Martin Eisenstadt, Hoover Institute, MSNBC
Manuel Balce Ceneta/AP

Phony McCain Adviser Fools Media, Bloggers Alike

November 13, 2008 01:58 PM
by Emily Coakley
A blog, institute and McCain campaign advisor named Martin Eisenstadt have turned out to be fake, in one of the latest incidents in a long line of media hoaxes.

“Blogger” Falsely Claimed Credit

MSNBC was criticized for being taken in by a fake blogger who billed himself as an advisor to John McCain’s campaign. The blogger, known as Martin Eisenstadt, said he was the source of a Fox News story in which a McCain aide claimed Sarah Palin thought Africa was a country, not a continent.

During a broadcast Monday, MSNBC’s David Shuster said Eisenstadt was the source of the story, and then retracted that statement moments later.

According to The New York Times, Eisenstadt and the think tank he claims to work for, the Harding Institute, don’t exist. The newspaper said, “[A] pair of obscure filmmakers say they created Martin Eisenstadt to help them pitch a TV show based on the character.”

MSNBC is only the latest to be taken in. Other publications and blogs that have linked to or cited Eisenstadt include Mother Jones, the Los Angeles Times and The New Republic, the Times said.

The blog in question, for its part, continues to perpetuate the hoax. An entry posted on Wednesday said, “As anyone who’s been reading my blog knows, I deny any and all accusations that I somehow don’t exist.”

Eisenstadt embedded a video of a BBC documentary in which he “appeared,” and linked to other YouTube clips of himself.

Opinion & Analysis: Blogs, media not so different; what’s the big deal?

On the blog Jossip, David Hauslaib wrote about the “moral” of the Eisenstadt hoax.

“Blogs get a lot of [expletive] for not ‘vetting stories,’ ‘fact checking,’ or even ‘reporting.’ Well guess what? Mainstream news media don’t do that either,” he wrote. “But Eisenstadt’s prank—one we’ll go so far as to call brilliant—shows that simply repeating the allegations in an unsolicited email, even if it’s from somebody at the (fake) ‘Harding Institute for Freedom and Democracy,’ is also not ‘reporting.’ Especially when sites like are out there, which already identified Eisenstadt as a hoax.”

But others didn’t think the hoax was a big deal. On the site Death by 1000 Paper Cuts, a writer identified as Mondoreb said, “The Eisenstadt hoax was discovered and reported upon. It’s a mistake to think that anyone reporting on the original story somehow had their credibility harmed when they quickly reported that it was a sham story.”

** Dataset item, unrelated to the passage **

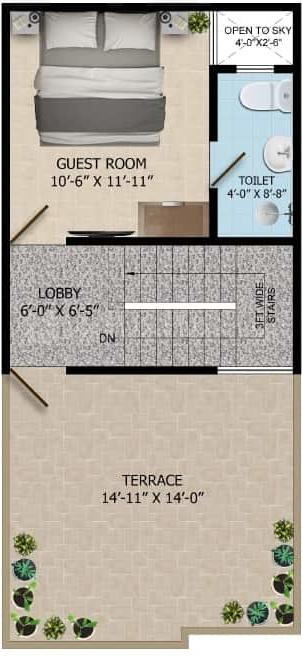 SK Sunshine Villa - Image 13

Mondoreb goes on to say that other hoaxes continue without being exposed.

“The man-made climate change hoax has been discovered, but remains largely unreported in the Mainstream Media.”

Related Topics: Fake New York Times and other media hoaxes

On Wednesday, commuters in several cities received what appeared to be free copies of The New York Times. The papers were 14-page editions with a headline “Iraq War Ends,” and other stories that describe, “a liberal utopia of national health care, a rebuilt economy, progressive taxation, a national oil fund to study climate change, and other goals of progressive politics,” wrote the City Room Blog, of the real New York Times.

The fake newspapers, dated July 4, 2009, were an elaborate hoax by a group called the Yes Men.

Hoaxes are nothing new in the media. Earlier this year, the Los Angeles Times had to apologize for an article about rapper Tupac Shakur’s death that was based on forged FBI documents.

Newspapers and blogs aren’t the only ones who are susceptible. In May, the memoir “Love and Consequences,” allegedly about a woman’s experience in a gang, was found to be a fabrication. The author, Margaret Seltzer, said the book was “based on accounts of real experiences,” according to findingDulcinea.